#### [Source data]
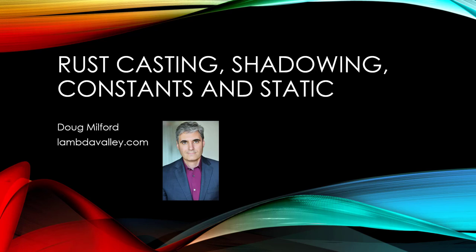Hey, welcome to this video on casting, shadowing, constants, and static. My name is Doug Milford from Lambda Valley. Okay, so I'll admit it, this video is kind of a mishmash of topics I couldn't find a home for. Doing a little cleanup. None of these topics are big enough to warrant their own video, so I'm just dumping them into this fruitcake.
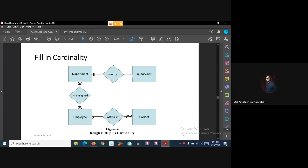So to summarize: a department is run by one and only one supervisor, and a supervisor runs one and only one department. A department is assigned one or more employees, and an employee can be assigned to one or more departments. One employee works on zero or more projects, and one project uses one or more employees.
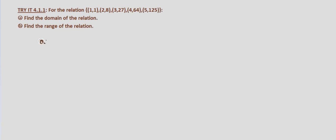Anytime we're given a relation that is specific points, the domain is the set of x values. So using set notation, we'll put our little squiggly bracket over here. And we can see that our x values, and typically they're in order, they don't necessarily have to be, but we should put them in order.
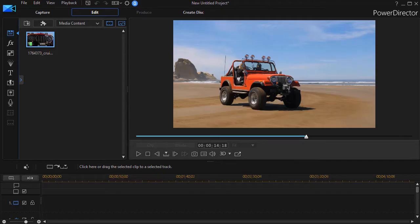In this tutorial in CyberLink PowerDirector, we're going to show you how you can take a video clip, break it up into rectangular segments, and then combine them visually in the course of your video.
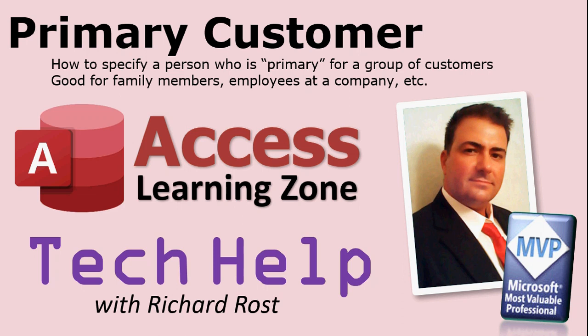Welcome to another Tech Help video brought to you by AccessLearningZone.com. I am Richard Ross, your instructor. In this video I'm going to show you how to set up a primary customer.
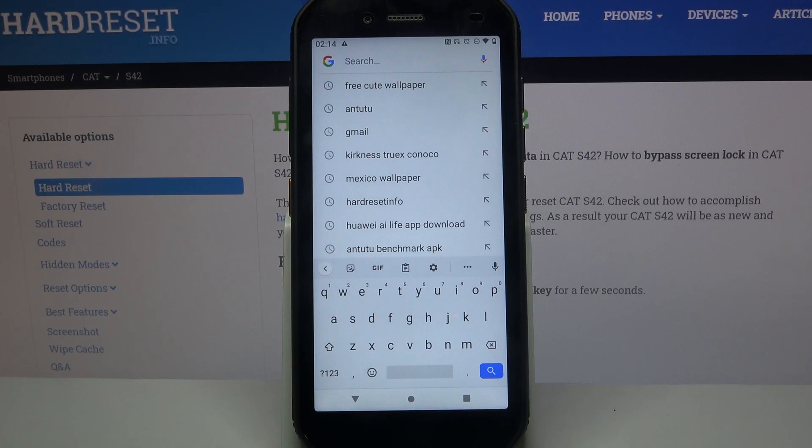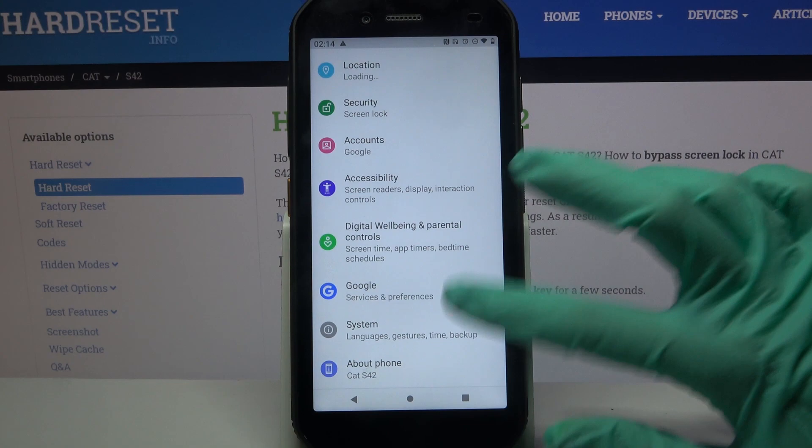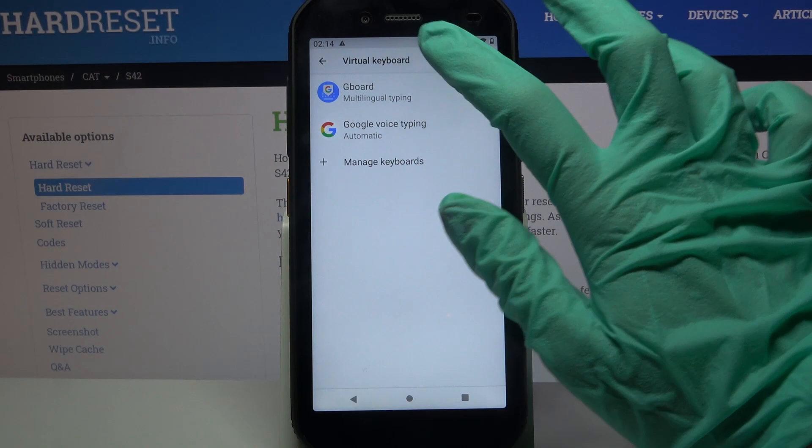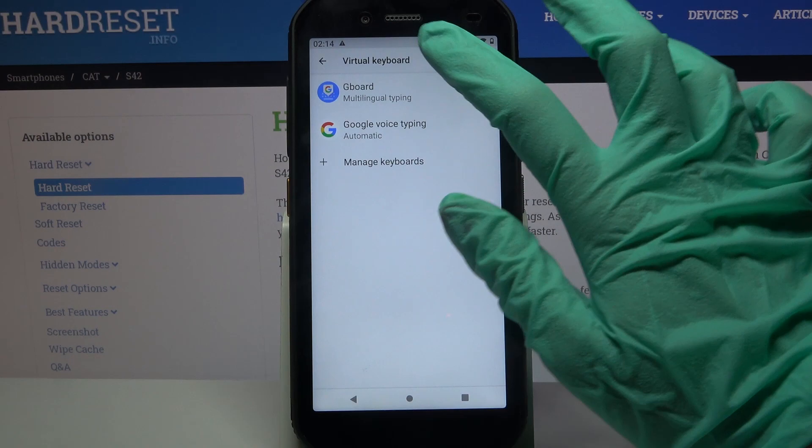First of all, go into Settings and scroll all the way down. Now choose System, Languages and Input, Virtual Keyboard, and your currently used one. Over here, go into Theme and tap on the plus sign under My Themes.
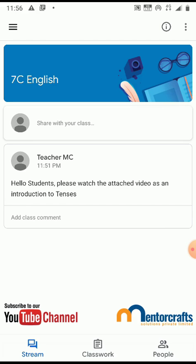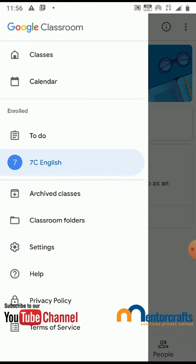If you want to join the 7C Maths class, you need to get out of this class and join the Maths class. To move out of this class, click on the three lines on the top left hand corner. Click Classes.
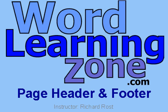Welcome to a free tutorial brought to you by WordLearningZone.com. I am your instructor, Richard Rost. In this tutorial, I'm going to teach you how to use the page header and footer in Microsoft Word.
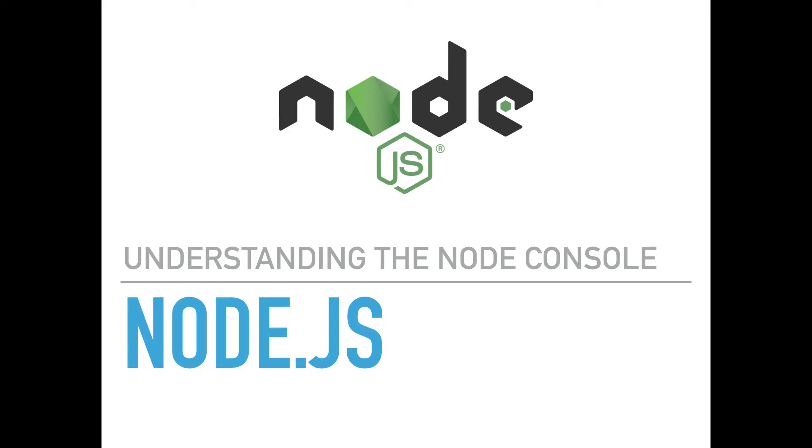Hey guys, this is Dooley. So in this video, we are introducing a new series of videos where we are going to talk about the Node.js console object.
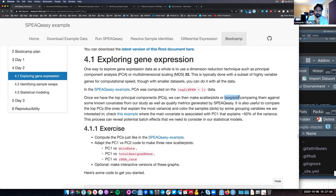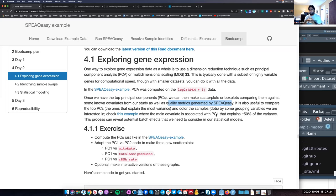Once we have our principal components, we can explore them by making scatter plots or box plots. We want to compare those PCs against known covariates from our study or the quality metrics generated by Speakeasy. You can also compare the top PCs against each other — PC1 vs PC2, PC3 vs PC4, etc. — and visualize samples colored by grouping variables like sex, brain region, or diagnosis to identify potential batch effects.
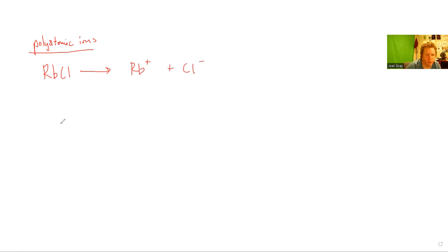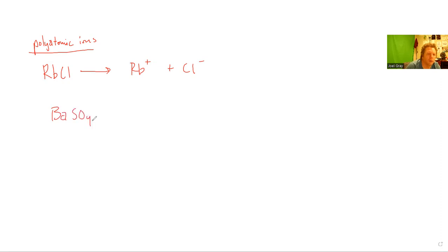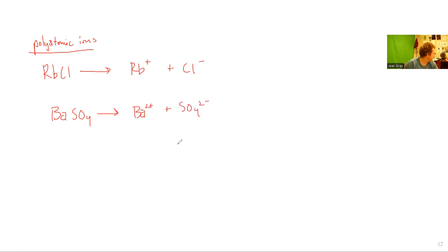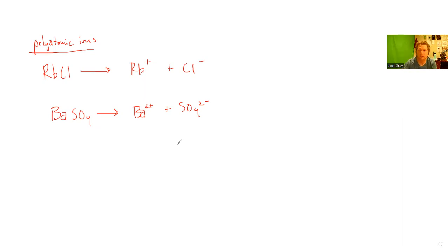Now if you saw something a little bit more complicated like BaSO4, barium sulfate, well that's a substance that's going to dissolve or break down into Ba2+ plus SO42-. That's all there is for that sort of question, just identifying how something breaks down.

#### [WHAT YOU SHOULD DO]
Copy out all the data exactly, skipping the pictures.

#### [YOUR SOLUTION]
Hey, welcome to this video on casting, shadowing, constants, and static. My name is Doug Milford from Lambda Valley. Okay, so I'll admit it, this video is kind of a mishmash of topics I couldn't find a home for. Doing a little cleanup. None of these topics are big enough to warrant their own video, so I'm just dumping them into this fruitcake.
So to summarize: a department is run by one and only one supervisor, and a supervisor runs one and only one department. A department is assigned one or more employees, and an employee can be assigned to one or more departments. One employee works on zero or more projects, and one project uses one or more employees.
Anytime we're given a relation that is specific points, the domain is the set of x values. So using set notation, we'll put our little squiggly bracket over here. And we can see that our x values, and typically they're in order, they don't necessarily have to be, but we should put them in order.
In this tutorial in CyberLink PowerDirector, we're going to show you how you can take a video clip, break it up into rectangular segments, and then combine them visually in the course of your video.
Welcome to another Tech Help video brought to you by AccessLearningZone.com. I am Richard Ross, your instructor. In this video I'm going to show you how to set up a primary customer.
First of all, go into Settings and scroll all the way down. Now choose System, Languages and Input, Virtual Keyboard, and your currently used one. Over here, go into Theme and tap on the plus sign under My Themes.
If you want to join the 7C Maths class, you need to get out of this class and join the Maths class. To move out of this class, click on the three lines on the top left hand corner. Click Classes.
Welcome to a free tutorial brought to you by WordLearningZone.com. I am your instructor, Richard Rost. In this tutorial, I'm going to teach you how to use the page header and footer in Microsoft Word.
Hey guys, this is Dooley. So in this video, we are introducing a new series of videos where we are going to talk about the Node.js console object.
Once we have our principal components, we can explore them by making scatter plots or box plots. We want to compare those PCs against known covariates from our study or the quality metrics generated by Speakeasy. You can also compare the top PCs against each other — PC1 vs PC2, PC3 vs PC4, etc. — and visualize samples colored by grouping variables like sex, brain region, or diagnosis to identify potential batch effects.
Now if you saw something a little bit more complicated like BaSO4, barium sulfate, well that's a substance that's going to dissolve or break down into Ba2+ plus SO42-. That's all there is for that sort of question, just identifying how something breaks down.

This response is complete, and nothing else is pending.